FB could be biting off more than the company can chew

FB has grown into a global advertising monopoly, given its control of private data. The data makes advertising far more effective. A simple search for a product or service now leads to a tidal wave of advertisements for similar products or services. The technique has been highly effective, making Mark Zuckerberg a billionaire with a twelve-figure net worth.

Ironically, the tech giants have said they embrace increased regulation. However, with the writing on the wall, some of the leading companies have been working to make nice with the US government over the past months. Amazon.com (AMZN) reached out to the Biden administration to leverage its operations to assist in the COVID-19 vaccination efforts. Facebook is using an independent board to vet contributions, calling it Facebook’s “Supreme Court.”

FB, GOOG, AMZN, and other tech giants could be betting that the “right” kind of regulations could wind up supporting their earnings by making barriers to entry even higher for competitors. The last significant anti-trust period in the US was in the early 1900s when Teddy Roosevelt earned his reputation as a trustbuster when he led the charge against monopolistic practices. The success of the leading tech companies has made them natural monopolies. The founders and CEOs have become modern-day oligarchs. Zuckerberg, Bezos, Musk, and a handful of others have become the Vanderbilts, Carnegies, Fords, Rockefellers, and other “robber barons” in the eyes of many.

Mark Zuckerberg has been the poster boy for the issues facing big tech. The rise of the progressive left in the US is likely to be a nemesis for FB’s chief. The left’s leader, Senator Bernie Sanders, is on record saying, “There should be no billionaires. We are going to tax their extreme wealth and invest in working people.”

Recent weak action in FB shares

FB went public on May 18, 2012, at $38 per share.

Source: Barchart

The long-term chart shows that FB shares opened in May 2012 at $42.05 and moved to the latest all-time high of $304.67 in August 2020. Since then, the stock has made lower highs and lower lows.

Source: Barchart

Since the August 2020 high, FB shares have been trending lower. At the end of last week, the stock was trading at the $257.62 level, over 15.4% below the August peak. The most recent low was on January 14 at $244.61. The stock was trading closer to the mid-January low than the August high as of the end of February 2021.

FB’s best days could be behind the company

Looking in the rearview mirror, FB has been an earnings machine.

Source: Yahoo Finance

The chart shows that FB beat consensus EPS forecasts in three of the past four quarters. In Q4 2020, the company beat estimates by 66 cents, reporting earnings of $3.88 per share.

Source: Yahoo Finance

Revenue and earnings growth have been impressive from 2017 through 2020. A survey of forty-six analysts on Yahoo Finance has an average price target of $338.42 for FB shares, with forecasts ranging from $220 to $418.

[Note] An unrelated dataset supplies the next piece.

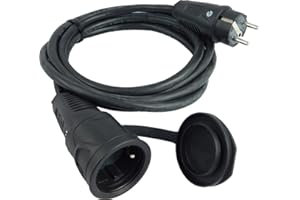 NWP Schuko Verlängerungskabel 3m Gummikabel - 3x1,5mm² H07RN-F - IP54 - Stromkabel für Baustelle, Garten, Industrie, Märkte, Außenbereich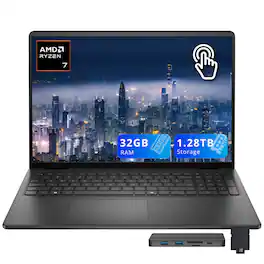 Dell - 16 16" FHD+ Touch Laptop,Ryzen 7 250,32GB RAM,1TB SSD+288GB Dock Set,AMD Radeon GPU,Backlit Keyboard,Win 11 - Black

Wall Street loves Mr. Zuckerberg’s company:

Source: Yahoo Finance

The latest ratings are all buys and outperform. All disclosure documents state that “past performance is not indicative of future results.” When it comes to FB, the company’s future may be more in the hands of regulators and legislators than its technological moxie. By taking on Tim Cook, Australia, Canada, and other influential people and governments, Mr. Zuckerberg could be inviting karma.

The current environment makes “billionaires” with dominant businesses vulnerable. Mark Zuckerberg’s enemy list seems to be growing at a time when the CEO and founder of the world’s leading social media platform need friends a lot more than foes.